Pomba de coração e serpente na astúcia, o experiente levou-os aos relatos bíblicos da libertação do povo, da escravidão do Egito, e dos quarenta anos no deserto até que tomaram posse da terra prometida.

– Uma geração inteira precisou morrer para que o povo entendesse a promessa de uma nova vida.

– O quê? Que geração é essa que terá de morrer? – As sobrancelhas circunflexas enfatizaram a pergunta, e pais, irmãs e tias cruzavam olhares temerosos e temidos.

– Toda uma geração de pecado – respondeu, especialmente os pecados a que nos acostumamos. Para nascer de novo – continuou o experiente – é preciso conhecer a paz com Deus por meio da morte e da ressurreição de Jesus Cristo.

– Ué, já não somos crentes?

– Entendam isto: todos nós, por natureza, estávamos separados de Deus por causa da nossa rebelião e inimizade. Assim, segundo o plano para nos salvar e adotar em sua família, Deus enviou seu Filho, Jesus Cristo, para morrer a morte a que estávamos condenados e para ressuscitar a fim de que recebêssemos de sua vida. Deus fez tudo o que era preciso para que experimentássemos isso. De nossa parte, só temos de aceitar essa dádiva de maneira autêntica, isto é, com a fé verdadeira que é demonstrada pelo arrependimento, e gozar a segurança e o poder do Espírito Santo para viver a vida cristã.

– Mas a gente tem fé, disse um.

– E arrependimento, completou outra.

A isso, o experiente Evangelista apôs:

– Fé e arrependimento não são termos “igrejeiros”, mas, sim, uma completa rendição diante de Deus, acatando a sua Palavra como o poder a que temos de obedecer mais do que obedecemos nossos próprios desejos.
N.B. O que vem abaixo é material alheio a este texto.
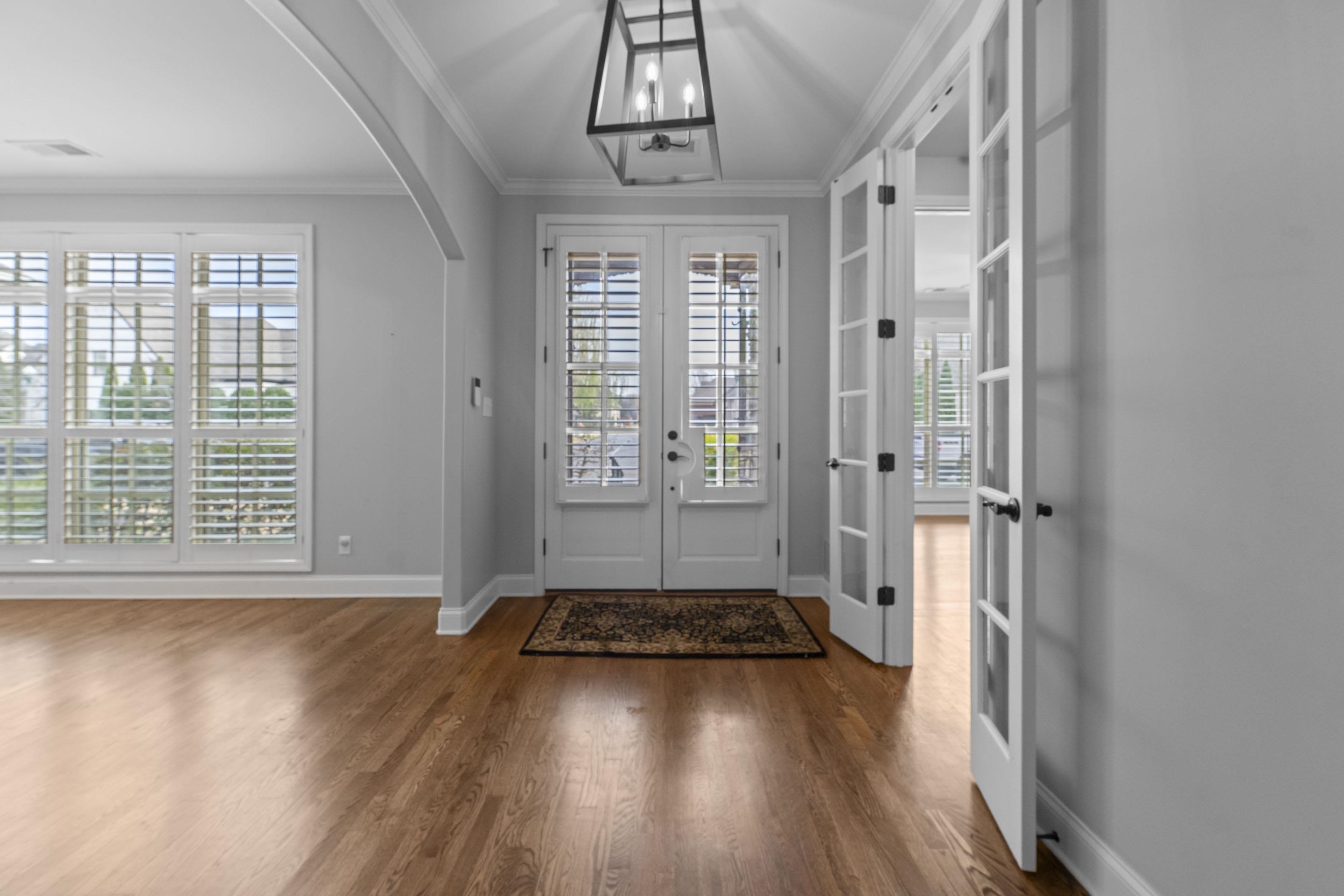 389 South Tarren Mill Circle Collierville, TN 38017 - Photo 5 of 32 wooden floor in an empty room with a window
Para tornar curta uma conversa longa, a experiência que a pessoa tem de ter com Deus, qualquer pessoa, nós e os Natura, deverá tratar de algumas questões fundamentais. Primeiro, temos de saber que nossa fé é baseada no fato de que “Deus amou ao mundo de tal maneira que deu o seu Filho unigênito, para que todo o que nele crê não pereça, mas tenha a vida eterna” (João 3.16). Segundo, temos de entender que esse amor é experimentado quando nossas questões quanto à ira de Deus são resolvidas mediante o arrependimento que reconhece que Deus “se revela do céu contra toda impiedade e perversão dos homens que detêm a verdade pela injustiça” (Romanos 1.18) e que Jesus Cristo fez a paz entre nós e Deus, conferindo-nos sua própria justiça. Terceiro, essa paz implica que não podemos abrigar amargura ressentida em nosso coração, sob pena de não vivenciarmos fé e arrependimento (Hebreus 12.14-17). Quarto (como está escrito em Efésios 4.21-32), todo convertido tem de ouvir a Deus e àqueles que ele designou, e ser ensinado a examinar o próprio coração, a fim de despojar do “velho homem” e renovar o “espírito do... entendimento”, revestindo-se de Cristo. Não bastará tentar uma cara de verdade e guardar ciúme por dentro (a gente acaba achando que é franco quando, de fato, é julgadora maledicente); será preciso pertencer a Cristo e à sua igreja. Não bastará fingir piedosa docilidade enquanto o coração resfolega ira como a antiga “maria fumaça”; será preciso resolver a ira sem dar tempo à amargura e ao ressentimento nem dar lugar ao diabo. Não bastará deixar de furtar coisas e deveres mútuos, mas será preciso trabalhar para se sustentar e ainda ser generoso. Enfim: “Não saia da vossa boca nenhuma palavra torpe, mas só a que for boa para promover a edificação, para que dê graça aos que a ouvem. E não entristeçais o Espírito Santo de Deus, no qual estais selados para o Dia da redenção. Toda amargura, e ira, e cólera, e gritaria, e blasfêmias, e toda malícia seja tirada de entre vós. Antes, sede uns para com os outros benignos, misericordiosos, perdoando-vos uns aos outros, como também Deus vos perdoou em Cristo”.

Os Natura? Só vendo! Irene chama o marido de meu amor e ele devolve com “meu bem”, e sequer levantam o riso da família. Ressecê e Marinha estão uns amores: “Precisam de alguma coisa? Em que posso ajudar”. Ci, Ive e Bibi esbanjam uma beleza de coração que até o rosto aformoseia. E sabe o quê? Dá gosto ir à igreja!